If ATI catch up, and release their drivers to the open source world to be improved by everyone, then my next video card update will use ATI chipsets. I dont care who manufactures my hardware, but I will use my limited resouces sponsor those who support Linux, and in preference those who support open source.Linux user #126863 - see http://linuxcounter.net/
- 09-12-2007 #12
I don't like to post stories directly from /. but
AMD Releases 900+ Pages Of GPU Specs"Ending off the X Developer Summit this year, Matthew Tippett handed off ATI's GPU specifications to David Airlie on a CD. However, the specifications are also now available on the X.org site. Right now there is the RV630 Register Reference Guide and M56 Register Reference Guide. Expect more documentation (and 3D specifications) to arrive shortly. The new open-source R500/600 driver will be released early next week."Brilliant Mediocrity - Making Failure Look Good
- 09-12-2007 #13
Wow! They're doing it!
That said, I agree with Roxoff.
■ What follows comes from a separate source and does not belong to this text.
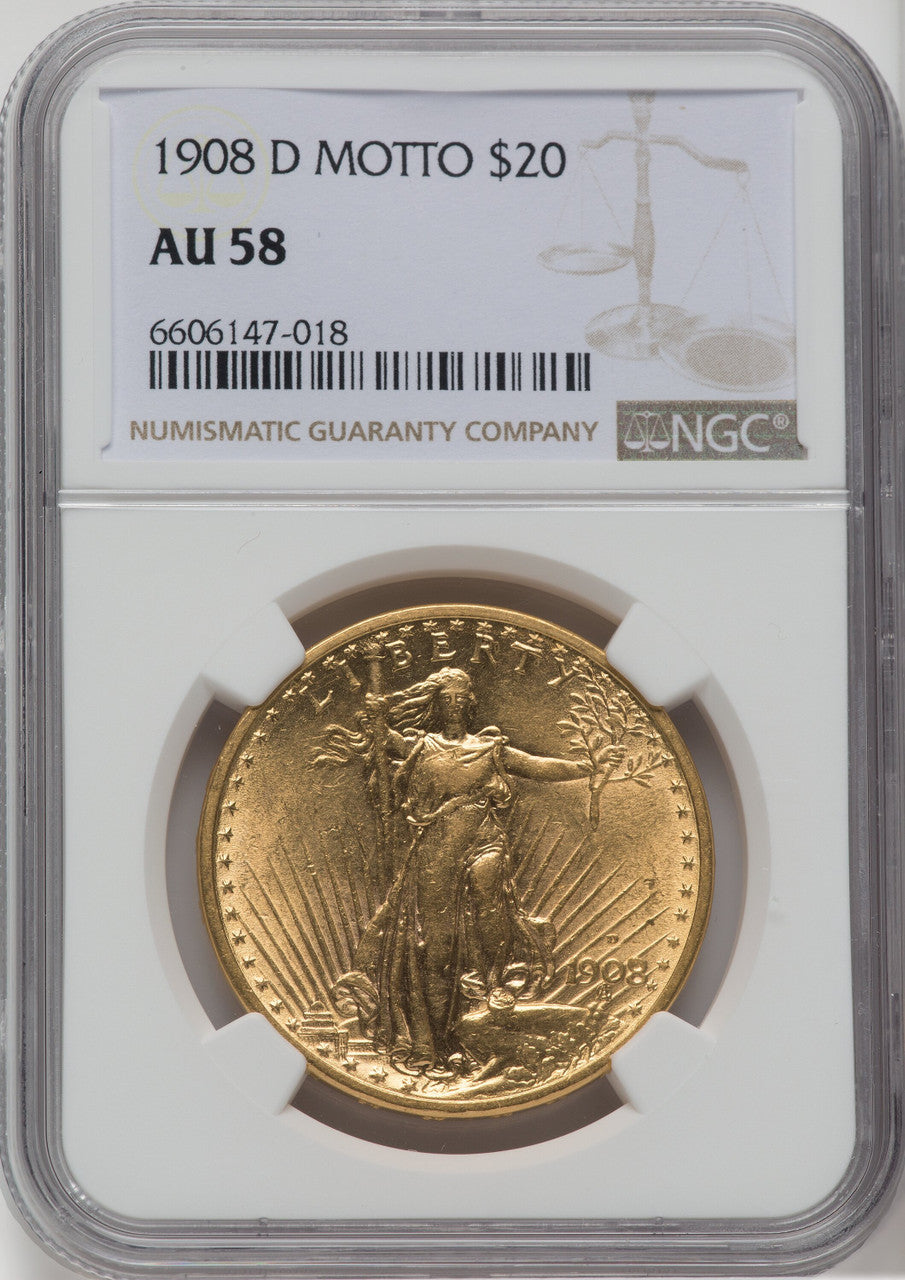 1908-D $20 MOTTO Saint-Gaudens Double Eagle NGC AU58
I'm not a programmer so source code means nothing to me, I'd rather have a company officially support their product for Linux than sombody else make a rough representation from the specs.
- 09-13-2007 #14Just Joined!
- Join Date
- Aug 2006
- Posts
- 94
That's excellent news! I truly hope we see some healthy competition between nVidia and AMD/ATi in the Linux world now.